Markets read this as a sign that the ECB was now willing to follow fellow central bankers in cutting interest rates if needed to prevent a damaging downturn. The U.S. Federal Reserve, Bank of England and Bank of Canada have all eased monetary policy.
But Steinbrueck cautioned that steep interest rate cuts can fuel the very instability they seek to cure.
"I admit that concerning the very sharp rate cuts in the United States, I sometimes wonder whether that could lead to excess liquidity in the next few years. But my conclusion is that it was right to create greater liquidity and build trust."
HEALING DIVISIONS
Ahead of the Tokyo gathering, analysts had worried the G7 club faced dangerous divisions over how to calm turbulent markets and ease fears of a worldwide slump from the credit crisis, with Europe and Japan unwilling to join in aggressive stimulus programs.
The past month has seen 1.25 percentage points in Fed rate cuts plus a $150 billion fiscal package to tackle credit problems from the subprime crisis. Whether this is enough to rescue the U.S. economy and avert a worldwide economic slump remains very much in question.
U.S. Treasury Secretary Henry Paulson sought to reassure on that front, saying the U.S. economy is fundamentally healthy.
"I still believe that we are going to continue to grow, although at a slower pace for a while. But the risk is very much to the downside," he told Japan's NHK television.
The G7 financial leaders are not expected to break any new ground on currency rates at this meeting.
Rather, financial upheaval was in the forefront of ministers minds as they arrived for the Tokyo G7 meeting.
"We will hold frank discussions regarding the subprime impact on financial markets and the global economy," said Japanese Finance Minister Fukushiro Nukaga.
COORDINATION SOUGHT
Steinbrueck, in a letter to G7 finance ministers, called on his colleagues to address financial market problems.

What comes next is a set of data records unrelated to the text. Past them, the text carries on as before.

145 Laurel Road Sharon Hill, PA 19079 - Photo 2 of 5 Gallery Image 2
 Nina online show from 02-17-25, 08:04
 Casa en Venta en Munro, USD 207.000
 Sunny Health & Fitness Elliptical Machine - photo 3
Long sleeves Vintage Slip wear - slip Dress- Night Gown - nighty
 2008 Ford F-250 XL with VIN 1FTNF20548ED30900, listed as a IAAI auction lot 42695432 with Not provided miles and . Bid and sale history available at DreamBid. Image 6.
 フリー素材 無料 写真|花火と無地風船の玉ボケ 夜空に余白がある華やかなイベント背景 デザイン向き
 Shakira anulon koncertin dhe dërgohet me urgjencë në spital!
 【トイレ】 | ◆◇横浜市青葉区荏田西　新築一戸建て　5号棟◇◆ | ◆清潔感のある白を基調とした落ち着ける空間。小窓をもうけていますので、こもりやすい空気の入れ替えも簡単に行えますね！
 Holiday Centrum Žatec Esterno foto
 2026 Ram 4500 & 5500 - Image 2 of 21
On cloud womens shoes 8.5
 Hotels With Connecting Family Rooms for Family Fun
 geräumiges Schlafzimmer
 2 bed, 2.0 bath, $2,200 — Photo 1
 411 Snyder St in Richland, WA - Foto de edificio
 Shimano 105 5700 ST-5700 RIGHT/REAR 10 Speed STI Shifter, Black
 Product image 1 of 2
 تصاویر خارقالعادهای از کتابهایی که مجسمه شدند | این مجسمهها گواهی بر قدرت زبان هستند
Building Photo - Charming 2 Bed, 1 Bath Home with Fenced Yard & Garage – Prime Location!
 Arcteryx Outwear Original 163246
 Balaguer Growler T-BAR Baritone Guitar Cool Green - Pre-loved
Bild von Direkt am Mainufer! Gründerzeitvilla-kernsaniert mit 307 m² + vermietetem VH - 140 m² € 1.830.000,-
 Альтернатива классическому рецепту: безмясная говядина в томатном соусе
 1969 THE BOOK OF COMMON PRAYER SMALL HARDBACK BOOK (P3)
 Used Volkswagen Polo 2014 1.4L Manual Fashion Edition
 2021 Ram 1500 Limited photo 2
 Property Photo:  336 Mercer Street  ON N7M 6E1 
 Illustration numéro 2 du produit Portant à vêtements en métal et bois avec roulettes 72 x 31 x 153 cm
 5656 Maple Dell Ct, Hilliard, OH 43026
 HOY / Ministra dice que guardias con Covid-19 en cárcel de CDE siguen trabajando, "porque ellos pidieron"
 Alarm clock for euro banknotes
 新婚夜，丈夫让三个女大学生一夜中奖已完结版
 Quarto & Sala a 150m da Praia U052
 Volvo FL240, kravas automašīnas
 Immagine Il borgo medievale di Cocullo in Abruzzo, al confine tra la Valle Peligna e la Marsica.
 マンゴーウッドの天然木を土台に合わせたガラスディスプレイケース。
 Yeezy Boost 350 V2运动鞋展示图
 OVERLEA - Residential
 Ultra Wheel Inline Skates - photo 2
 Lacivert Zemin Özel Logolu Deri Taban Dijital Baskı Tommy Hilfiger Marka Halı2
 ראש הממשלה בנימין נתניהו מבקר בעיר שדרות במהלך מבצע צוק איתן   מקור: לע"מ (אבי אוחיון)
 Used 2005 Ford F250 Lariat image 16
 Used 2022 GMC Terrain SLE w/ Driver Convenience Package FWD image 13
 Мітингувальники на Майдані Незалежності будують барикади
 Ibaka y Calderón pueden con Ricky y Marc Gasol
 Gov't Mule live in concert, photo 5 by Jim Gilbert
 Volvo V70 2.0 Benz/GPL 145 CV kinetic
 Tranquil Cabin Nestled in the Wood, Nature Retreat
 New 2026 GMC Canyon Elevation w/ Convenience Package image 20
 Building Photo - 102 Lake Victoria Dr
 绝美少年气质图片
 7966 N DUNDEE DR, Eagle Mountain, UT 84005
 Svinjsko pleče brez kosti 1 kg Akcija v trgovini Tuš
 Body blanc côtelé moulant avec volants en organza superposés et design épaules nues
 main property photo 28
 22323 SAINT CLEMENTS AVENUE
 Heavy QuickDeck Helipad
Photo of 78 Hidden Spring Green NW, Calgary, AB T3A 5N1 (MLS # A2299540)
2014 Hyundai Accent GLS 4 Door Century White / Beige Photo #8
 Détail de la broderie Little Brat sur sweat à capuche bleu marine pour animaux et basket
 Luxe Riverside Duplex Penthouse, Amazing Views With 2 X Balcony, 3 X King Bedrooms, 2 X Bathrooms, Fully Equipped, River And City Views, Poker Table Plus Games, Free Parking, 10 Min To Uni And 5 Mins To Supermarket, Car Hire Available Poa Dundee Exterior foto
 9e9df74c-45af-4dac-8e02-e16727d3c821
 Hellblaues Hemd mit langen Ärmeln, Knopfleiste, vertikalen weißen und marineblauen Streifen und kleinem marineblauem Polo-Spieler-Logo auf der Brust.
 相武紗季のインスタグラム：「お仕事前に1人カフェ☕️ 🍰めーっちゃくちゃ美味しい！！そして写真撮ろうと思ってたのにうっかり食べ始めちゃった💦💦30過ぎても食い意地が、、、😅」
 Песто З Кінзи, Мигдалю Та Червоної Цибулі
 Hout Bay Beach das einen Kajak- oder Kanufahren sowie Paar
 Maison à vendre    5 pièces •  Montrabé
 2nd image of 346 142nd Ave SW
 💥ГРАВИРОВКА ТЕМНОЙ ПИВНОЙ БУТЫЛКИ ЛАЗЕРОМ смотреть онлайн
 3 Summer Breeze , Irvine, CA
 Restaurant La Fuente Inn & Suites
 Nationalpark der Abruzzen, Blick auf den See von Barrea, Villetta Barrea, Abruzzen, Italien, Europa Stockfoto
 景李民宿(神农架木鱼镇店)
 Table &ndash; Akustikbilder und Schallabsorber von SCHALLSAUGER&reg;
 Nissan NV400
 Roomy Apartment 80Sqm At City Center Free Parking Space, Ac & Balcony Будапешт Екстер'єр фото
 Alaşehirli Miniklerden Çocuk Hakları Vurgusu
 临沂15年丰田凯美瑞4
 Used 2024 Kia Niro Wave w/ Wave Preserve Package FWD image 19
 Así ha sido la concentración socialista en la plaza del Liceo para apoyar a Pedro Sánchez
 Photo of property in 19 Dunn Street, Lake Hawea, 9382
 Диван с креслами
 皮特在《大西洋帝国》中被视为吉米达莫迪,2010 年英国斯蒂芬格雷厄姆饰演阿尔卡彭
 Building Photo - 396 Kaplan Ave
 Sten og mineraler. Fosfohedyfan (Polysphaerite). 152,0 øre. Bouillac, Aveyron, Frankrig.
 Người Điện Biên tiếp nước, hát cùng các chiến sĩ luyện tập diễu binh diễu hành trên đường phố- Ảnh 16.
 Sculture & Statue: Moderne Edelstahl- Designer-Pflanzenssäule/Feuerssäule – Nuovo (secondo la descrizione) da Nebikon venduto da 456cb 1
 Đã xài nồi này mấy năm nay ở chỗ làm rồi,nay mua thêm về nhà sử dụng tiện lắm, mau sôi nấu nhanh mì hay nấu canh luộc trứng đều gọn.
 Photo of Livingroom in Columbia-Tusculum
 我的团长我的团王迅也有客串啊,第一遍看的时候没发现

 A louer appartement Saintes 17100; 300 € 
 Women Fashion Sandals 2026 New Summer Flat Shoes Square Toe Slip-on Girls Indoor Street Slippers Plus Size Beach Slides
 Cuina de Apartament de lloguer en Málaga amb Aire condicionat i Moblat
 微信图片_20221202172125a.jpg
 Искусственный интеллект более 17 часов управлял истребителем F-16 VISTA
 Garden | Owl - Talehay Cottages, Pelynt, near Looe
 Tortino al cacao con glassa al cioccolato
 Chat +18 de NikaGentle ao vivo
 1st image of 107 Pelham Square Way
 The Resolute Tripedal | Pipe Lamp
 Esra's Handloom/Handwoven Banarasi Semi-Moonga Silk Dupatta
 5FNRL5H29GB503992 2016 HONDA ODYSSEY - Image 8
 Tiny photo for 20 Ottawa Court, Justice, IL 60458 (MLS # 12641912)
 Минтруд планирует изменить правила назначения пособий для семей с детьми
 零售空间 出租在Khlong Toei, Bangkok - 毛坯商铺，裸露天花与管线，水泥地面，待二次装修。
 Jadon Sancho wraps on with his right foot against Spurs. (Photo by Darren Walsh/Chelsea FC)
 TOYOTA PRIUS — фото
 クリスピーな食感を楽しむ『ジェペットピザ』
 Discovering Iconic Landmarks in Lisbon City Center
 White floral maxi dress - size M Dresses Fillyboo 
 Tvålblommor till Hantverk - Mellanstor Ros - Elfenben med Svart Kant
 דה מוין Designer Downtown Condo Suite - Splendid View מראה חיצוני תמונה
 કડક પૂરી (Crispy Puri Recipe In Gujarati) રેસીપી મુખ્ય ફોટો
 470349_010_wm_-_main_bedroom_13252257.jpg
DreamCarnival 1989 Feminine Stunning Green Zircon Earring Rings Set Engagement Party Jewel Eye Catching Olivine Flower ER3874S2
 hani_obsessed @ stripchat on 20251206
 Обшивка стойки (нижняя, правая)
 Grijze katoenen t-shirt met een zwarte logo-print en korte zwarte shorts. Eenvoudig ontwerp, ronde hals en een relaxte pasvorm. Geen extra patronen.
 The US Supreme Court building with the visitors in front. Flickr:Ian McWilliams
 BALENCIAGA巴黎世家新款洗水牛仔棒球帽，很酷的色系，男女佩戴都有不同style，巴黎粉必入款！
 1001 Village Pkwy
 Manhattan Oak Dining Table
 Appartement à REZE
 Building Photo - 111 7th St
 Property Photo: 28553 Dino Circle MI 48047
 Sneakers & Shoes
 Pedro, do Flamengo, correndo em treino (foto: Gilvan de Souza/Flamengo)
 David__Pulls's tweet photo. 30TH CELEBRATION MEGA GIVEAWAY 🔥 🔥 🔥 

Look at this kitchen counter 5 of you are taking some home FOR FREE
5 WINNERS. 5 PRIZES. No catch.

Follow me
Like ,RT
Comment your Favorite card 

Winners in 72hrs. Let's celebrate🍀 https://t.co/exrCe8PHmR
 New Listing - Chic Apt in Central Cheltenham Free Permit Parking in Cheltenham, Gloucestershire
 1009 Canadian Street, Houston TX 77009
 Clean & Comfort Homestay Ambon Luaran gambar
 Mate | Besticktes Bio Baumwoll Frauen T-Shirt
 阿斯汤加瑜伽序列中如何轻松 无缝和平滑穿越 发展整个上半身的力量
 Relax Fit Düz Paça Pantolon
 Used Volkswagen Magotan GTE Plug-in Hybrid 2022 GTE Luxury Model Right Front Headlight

"Prompt and coordinated action by central banks has helped to ease the immediate problems. Yet the full impact of the subprime crisis on the financial sector is yet to be known," he wrote in the letter seen by Reuters.
He said political responses were needed to strengthen risk management, bank capital and transparency in financial markets.
The Financial Stability Forum, a group of central bankers and other regulators studying the subprime mortgage problem and market upheaval, is due to deliver an interim report to the G7 policymakers.
But it was the willingness of central bankers to provide monetary easing that pleased politicians.
"I was pleasantly surprised on reading the declaration of Mr. Trichet," said French Economy Minister Christine Lagarde.
Russian Finance Minister Alexei Kudrin said policymakers must work together to find solutions to the credit shortage.
"Coordination of efforts may soften the consequences of such crises, first of all a coordination of efforts between central banks on their refinancing rates because this is the key factor supporting the financial system," Kudrin told reporters in Moscow before heading to Tokyo.
British Finance Minister Alistair Darling, however, played down the prospect of coordinated steps to boost global growth.
"The first thing is that conditions in different countries are not the same," he said.
Whether emerging economies can come through the U.S. shakeout relatively unscathed will be on the agenda when G7 officials meet with finance ministers of China, Indonesia, South Korea and Russia for dinner on Saturday.
The head of the Asian Development Bank, Haruhiko Kuroda, said on Friday fiscal stimulus could be an option for emerging Asian economies if global growth slows further but the main concern for now is to contain inflation.
(Additional reporting by Yoko Nishikawa, Brian Love, Glenn Somerville, Gavin Jones and Sophie Hardach in Tokyo, David Lawder in Washington and Gleb Bryanski in Moscow; Writing by Stella Dawson; Editing by Rodney Joyce)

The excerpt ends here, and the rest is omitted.